J'ai déjà défendu devant la commission des lois cet amendement que chacun pourra comprendre. Prenons l'exemple d'Yves – c'est le calendrier qui dicte ce prénom –, qui est auditionné, lors d'un interrogatoire de première comparution devant le juge d'instruction, pour des faits d'atteinte sexuelle sur un mineur, pour lesquels il a été dénoncé. Dans quelques minutes, il sera devant le juge des libertés et de la détention (JLD). Yves est persuadé de son innocence et accepte d'être filmé lors de l'interrogatoire et de l'audience devant le JLD. Pourquoi ? Parce qu'il veut clamer haut et fort sa non-culpabilité. L'enquête se poursuit et, un ou deux ans plus tard, alors que sa femme, sa concubine, sa compagne, ou son compagnon l'aura quitté, une ordonnance de non-lieu est rendue ou l'arrêt des poursuites décidé ; Yves refait sa vie et, quatre ans plus tard, un soir, à vingt heures, en allumant sa télévision, il se voit sur l'écran, même flouté. Il aura évidemment été porté atteinte à son droit à l'oubli.

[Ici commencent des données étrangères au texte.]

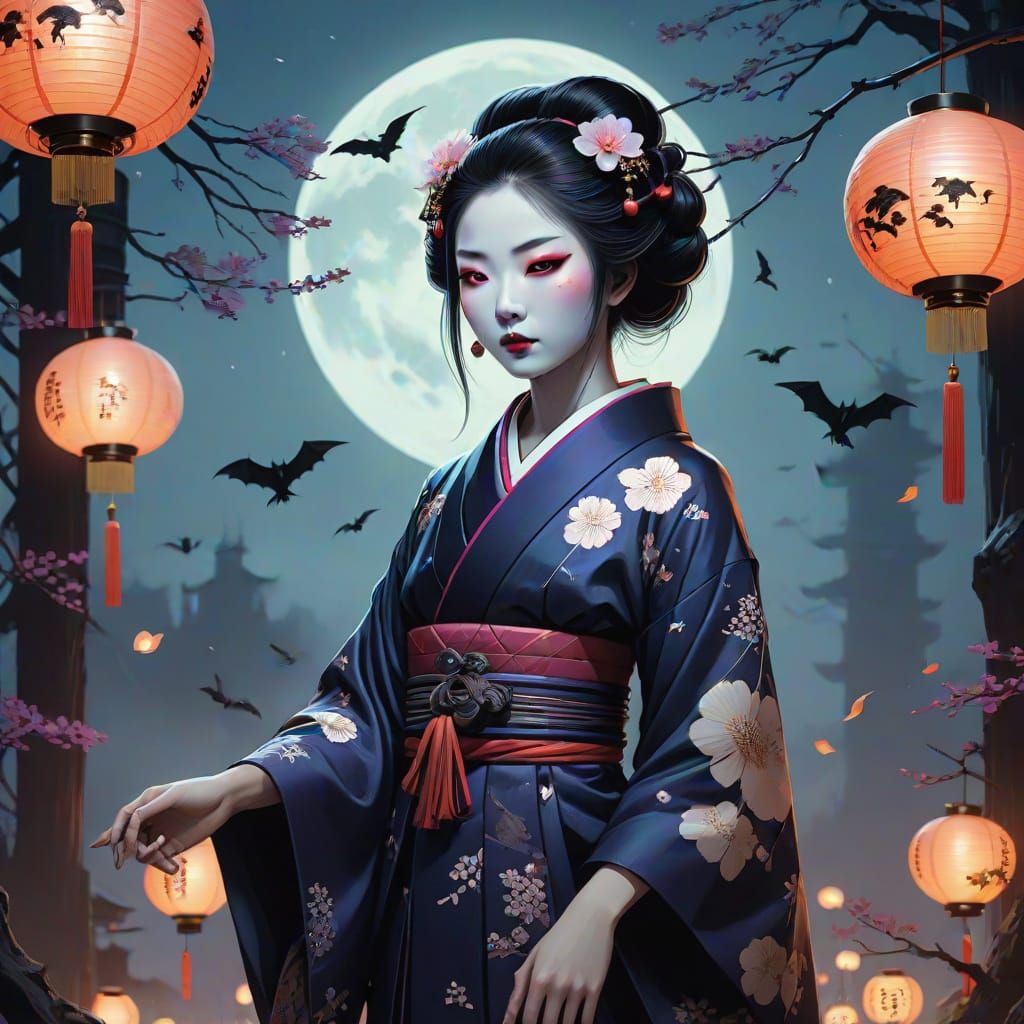 Gothic Geisha Unveiled in Dark, Ethereal Beauty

C'est la raison de l'amendement, peut-être un peu brut de décoffrage, qui vise à exclure la diffusion en cas d'ordonnance de non-lieu ou d'arrêt des poursuites. Après l'adoption de l'amendement fort judicieux de notre collègue Laetitia Avia visant à octroyer un délai de quinze jours pour se rétracter, le Gouvernement et la majorité pourraient sous-amender mon amendement afin d'instaurer un délai identique pour le bénéficiaire d'une ordonnance de non-lieu ou d'un arrêt des poursuites, ce qui lui assurerait un véritable droit à l'oubli.
Ce que je m'apprête à faire est particulièrement lâche, mais je sais que le sujet tient à cœur au garde des sceaux : c'est exactement l'affaire d'Outreau.